GIVEN INFORMATION =
---+---

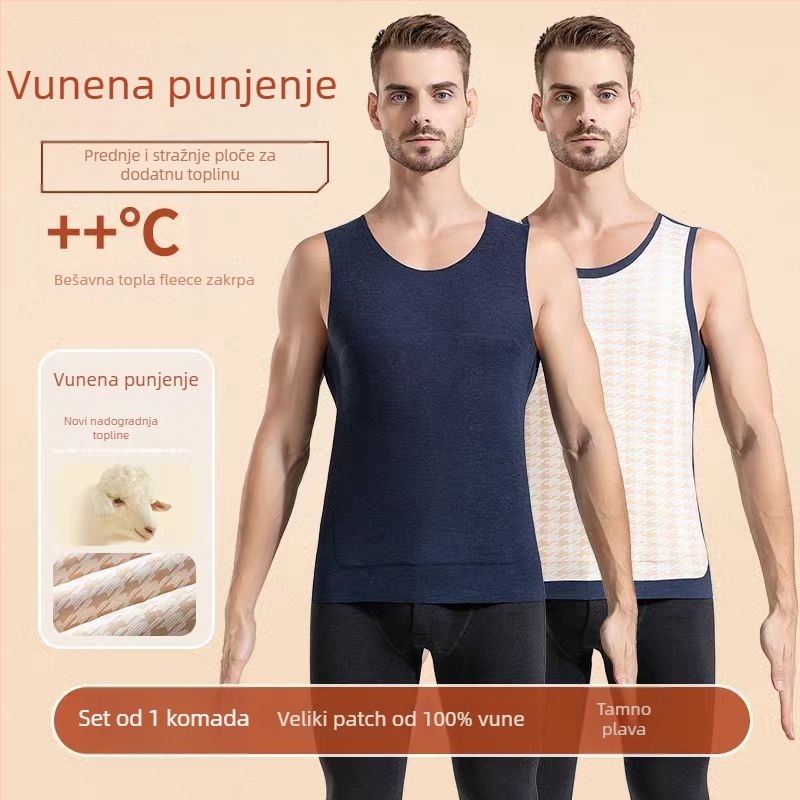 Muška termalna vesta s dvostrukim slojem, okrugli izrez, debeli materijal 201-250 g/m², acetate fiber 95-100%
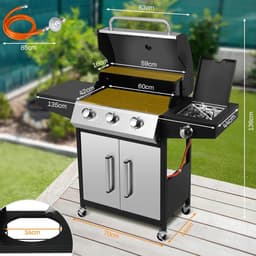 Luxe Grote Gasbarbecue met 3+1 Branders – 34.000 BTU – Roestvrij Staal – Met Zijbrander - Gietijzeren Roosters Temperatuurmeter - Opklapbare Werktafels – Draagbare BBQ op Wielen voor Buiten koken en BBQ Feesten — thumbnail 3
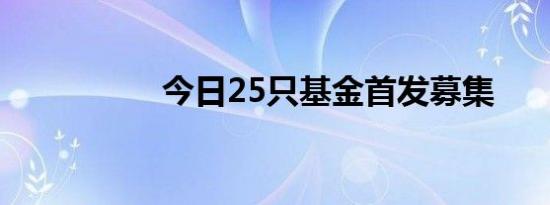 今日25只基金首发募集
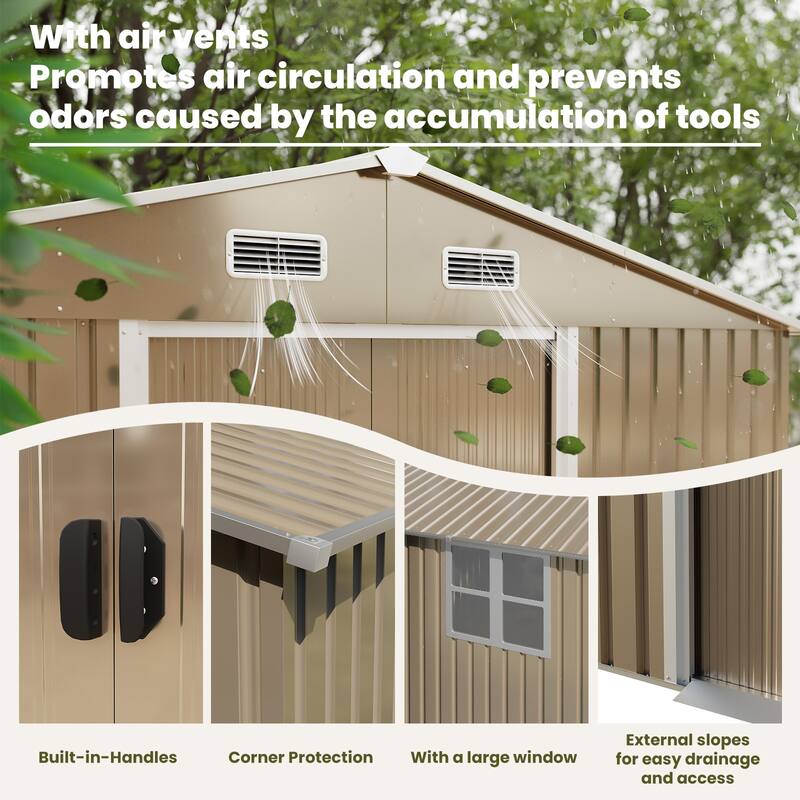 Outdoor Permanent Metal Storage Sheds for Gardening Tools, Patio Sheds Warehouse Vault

---+---

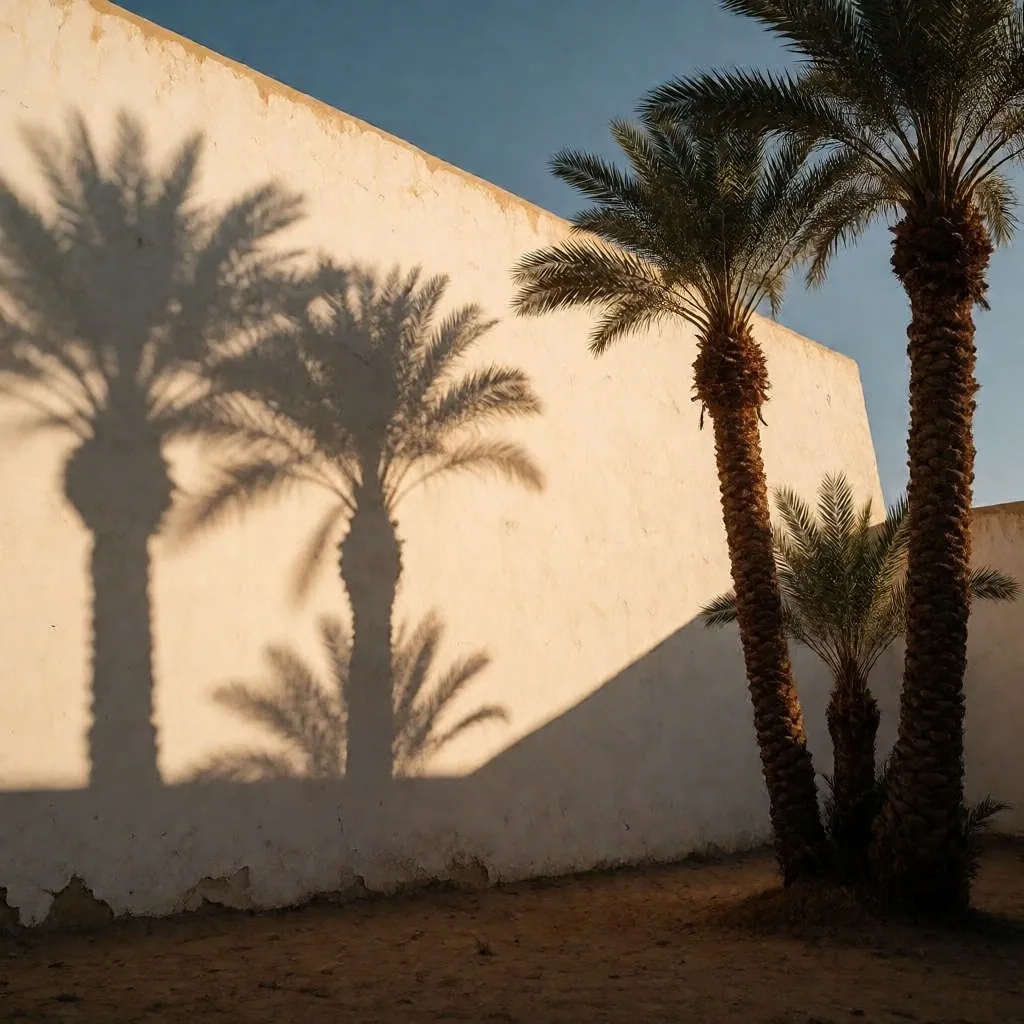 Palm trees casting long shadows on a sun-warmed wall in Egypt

---+---

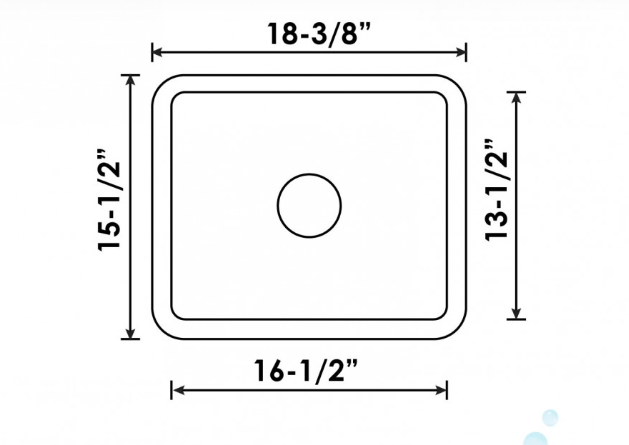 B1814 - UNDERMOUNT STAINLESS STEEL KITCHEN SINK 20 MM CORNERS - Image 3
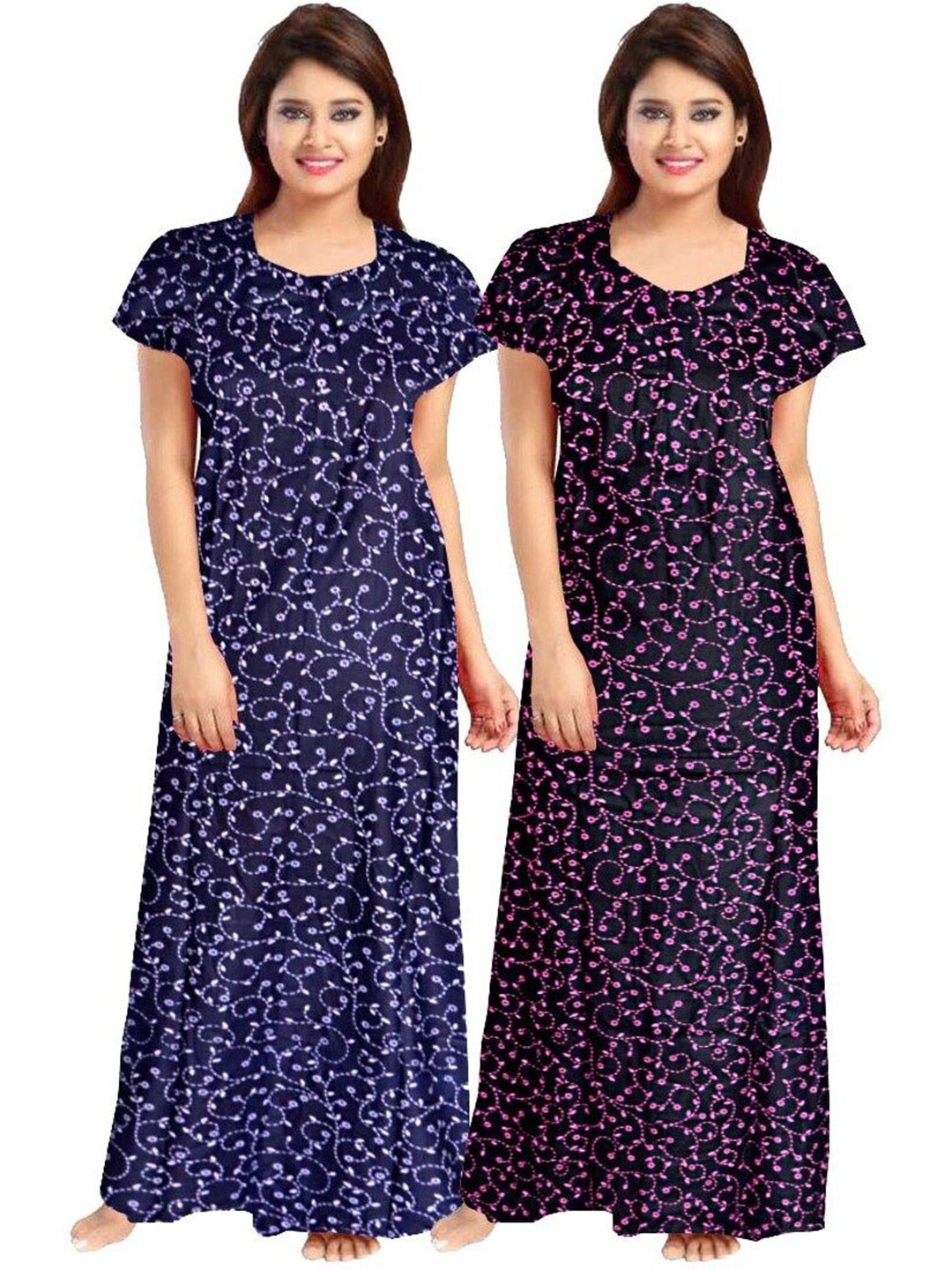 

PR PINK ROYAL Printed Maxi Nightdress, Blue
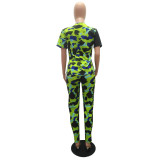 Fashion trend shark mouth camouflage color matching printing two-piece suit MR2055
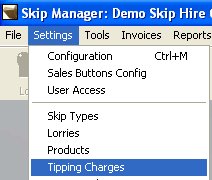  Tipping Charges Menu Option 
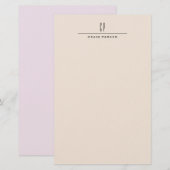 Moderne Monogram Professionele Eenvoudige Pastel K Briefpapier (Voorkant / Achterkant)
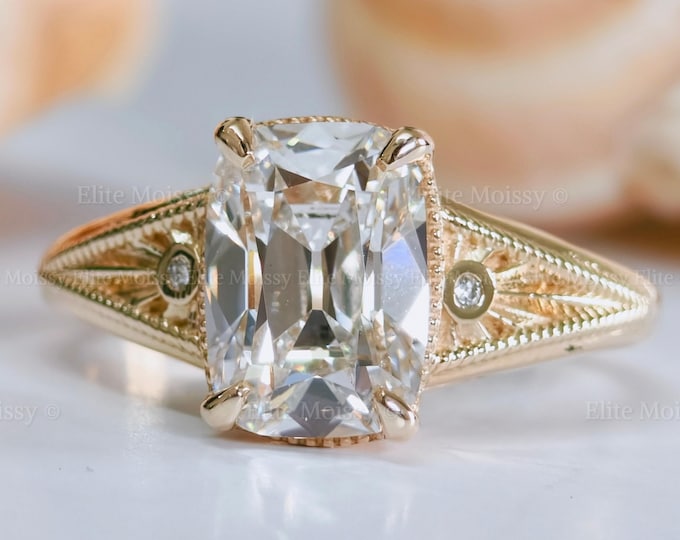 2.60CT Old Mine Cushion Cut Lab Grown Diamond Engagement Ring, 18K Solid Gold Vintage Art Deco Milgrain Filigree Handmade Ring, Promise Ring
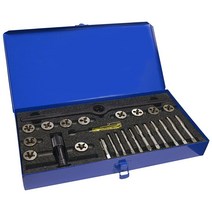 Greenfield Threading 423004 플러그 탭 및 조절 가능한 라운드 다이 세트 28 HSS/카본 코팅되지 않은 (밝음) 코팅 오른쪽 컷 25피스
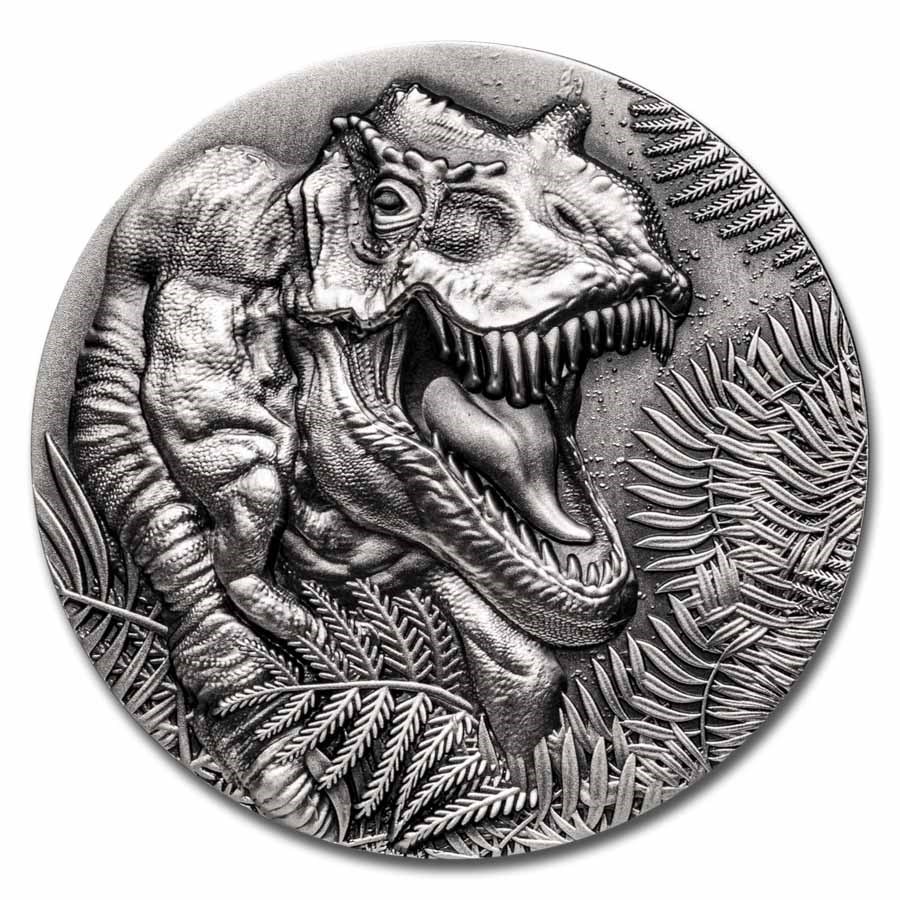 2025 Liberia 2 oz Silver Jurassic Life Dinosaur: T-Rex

---+---

AIM OF THE EXERCISE = The answer should consist only of the lines above from the one with "Greenfield Threading 423004" through the one with "2025 Liberia 2", repeated exactly, with no pictures among them.

RESULT =
 Greenfield Threading 423004 플러그 탭 및 조절 가능한 라운드 다이 세트 28 HSS/카본 코팅되지 않은 (밝음) 코팅 오른쪽 컷 25피스
 2025 Liberia 2 oz Silver Jurassic Life Dinosaur: T-Rex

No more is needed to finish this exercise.